• _What is needed_: Select and copy out every line in the records containing "Gladiator".

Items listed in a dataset
= Beginning of Section =
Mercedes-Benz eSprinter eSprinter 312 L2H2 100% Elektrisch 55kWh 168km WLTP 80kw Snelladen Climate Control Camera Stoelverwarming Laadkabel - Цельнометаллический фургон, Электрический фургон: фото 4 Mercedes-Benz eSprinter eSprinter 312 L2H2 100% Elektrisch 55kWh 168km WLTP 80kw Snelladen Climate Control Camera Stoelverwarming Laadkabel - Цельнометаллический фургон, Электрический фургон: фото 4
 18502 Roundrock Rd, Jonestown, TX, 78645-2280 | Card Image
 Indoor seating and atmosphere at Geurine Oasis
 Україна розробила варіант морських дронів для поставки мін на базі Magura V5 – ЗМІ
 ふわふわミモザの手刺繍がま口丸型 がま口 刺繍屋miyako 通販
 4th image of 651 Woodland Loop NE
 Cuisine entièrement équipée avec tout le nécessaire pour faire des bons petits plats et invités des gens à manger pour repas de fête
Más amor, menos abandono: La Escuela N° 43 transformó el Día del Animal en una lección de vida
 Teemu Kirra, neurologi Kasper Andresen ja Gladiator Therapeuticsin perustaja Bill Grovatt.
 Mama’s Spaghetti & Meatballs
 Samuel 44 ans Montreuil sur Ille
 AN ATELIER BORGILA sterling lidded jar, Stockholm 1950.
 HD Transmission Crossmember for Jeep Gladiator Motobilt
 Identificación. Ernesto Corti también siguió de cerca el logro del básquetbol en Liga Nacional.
= End of Section =
• _Exercise answer_:
 Teemu Kirra, neurologi Kasper Andresen ja Gladiator Therapeuticsin perustaja Bill Grovatt.
 HD Transmission Crossmember for Jeep Gladiator Motobilt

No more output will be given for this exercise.